Detection and Segmentation of Hemorrhage Stroke using Textural Analysis on Brain CT Images
Alyaa Hussein Ali1, Shahad Imad Abdulsalam2, Ihssan Subhi Nema3
1Dr. Alyaa Hussein Ali, Assistant professor, in Department of Physics, University of Baghdad, College of Science for Women, Baghdad, Iraq, India.
2Shahad Imad Abdulsalam, Ministry of Health, Al-Yarmok Teaching Hospital, M.Sc. College of Science for Woman, University of Baghdad, Iraq, India.
3Dr. Ihssan Subhi Nema, Assistant professor, in Neurosurgery, Alnahrain University, College of Medicine Department of Surgery, Baghdad, Iraq, India.

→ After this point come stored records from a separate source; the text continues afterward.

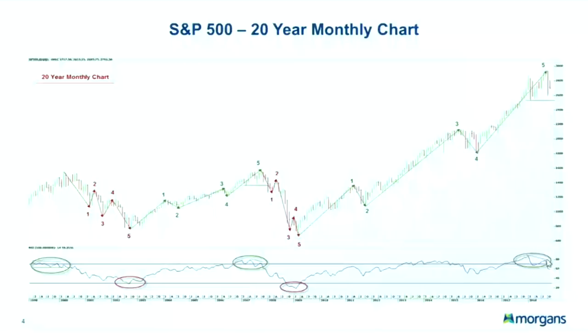Since January 2018, we've had extremely overbought RSI readings for the first time since the bull market started in March 2009. Again, we have the second prerequisite — a bearish divergence. The most alarming part is that the RSI broke below its last support. The two previous major tops came from extremely overbought readings, had a bearish divergence, and broke below key RSI support levels. We are now seeing this same setup.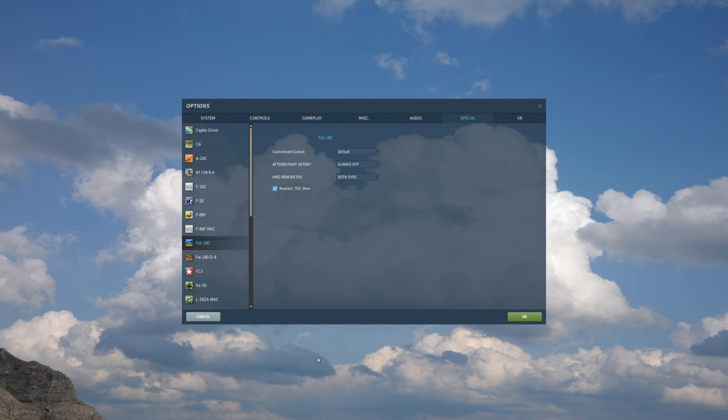So this can be found when you go to your Options, you select F-18, and you go to the Special tab. And we have a new button here called the Realistic TDC slew.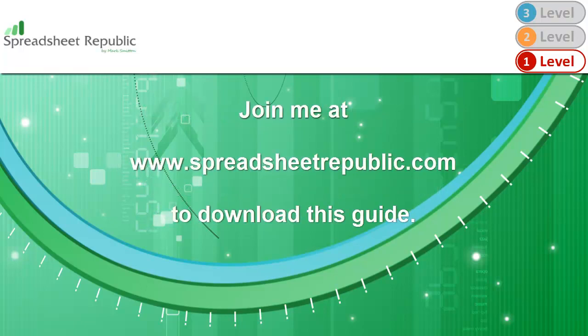Join me at www.spreadsheetrepublic.com where you can download this guide, as well as other written guides and videos. Thank you guys.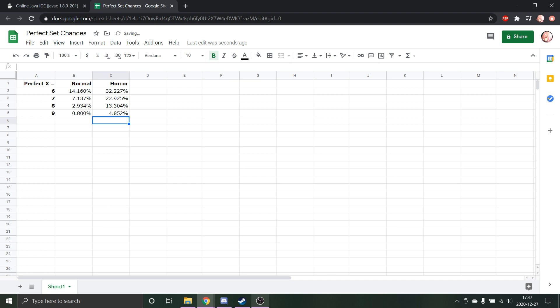And yeah, there you have it - that is the chance of getting a perfect 6, 7, 8, and 9 as Fish and then as any other character.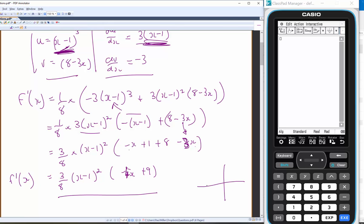f'(x) is a cubic — we started with a quartic and its derivative is a cubic. It will have an x-intercept at x = 1 and another at x = 9/4. The cubic is negative, so it has a negative leading coefficient.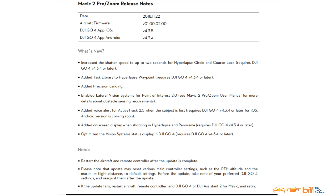What's new? Increased shutter speed up to 2 seconds for hyperlapse circle and course lock — requires DJI GO 4 version 4.3.4 or later. Added task library to hyperlapse waypoint — requires DJI GO 4 version 4.3.4 or later. Added precision landing. Enabled lateral vision systems for Point of Interest 2.0. Added voice alert for ActiveTrack 2.0 when the subject is lost — requires DJI GO 4 V4.3.4 or later for iOS; Android version coming soon. Added on-screen display when shooting in hyperlapse and panorama. Optimized the vision system status display in DJI GO 4.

Manuscript received on February 21, 2015. | Revised Manuscript received on February 28, 2015. | Manuscript published on March 05, 2015. | PP: 11-14 | Volume-5 Issue-1, March 2015. | Retrieval Number: F2494014615/2015©BEIESP
Open Access | Ethics and Policies | Cite
©The Authors. Published By: Blue Eyes Intelligence Engineering and Sciences Publication (BEIESP). This is an open access article under the CC BY-NC-ND license (http://creativecommons.org/licenses/by-nc-nd/4.0/
Abstract: The detection of brain strokes from Computed Tomography CT images needs convenient processing techniques starting from image enhancement to qualify the brain image by isolation process, region growing and logical operators (OR and AND). These methods with the help of the simplest segmentation process, which is the thresholding process, are used to extract a stroke region from the CT image of the brain. The median filter is applied to remove the noise from the image. The statistical features calculated using first-order histogram were utilized in the detection of the stroke region.
Keywords: Hemorrhage stroke; CT scan image; Brain segmentation; statistical features.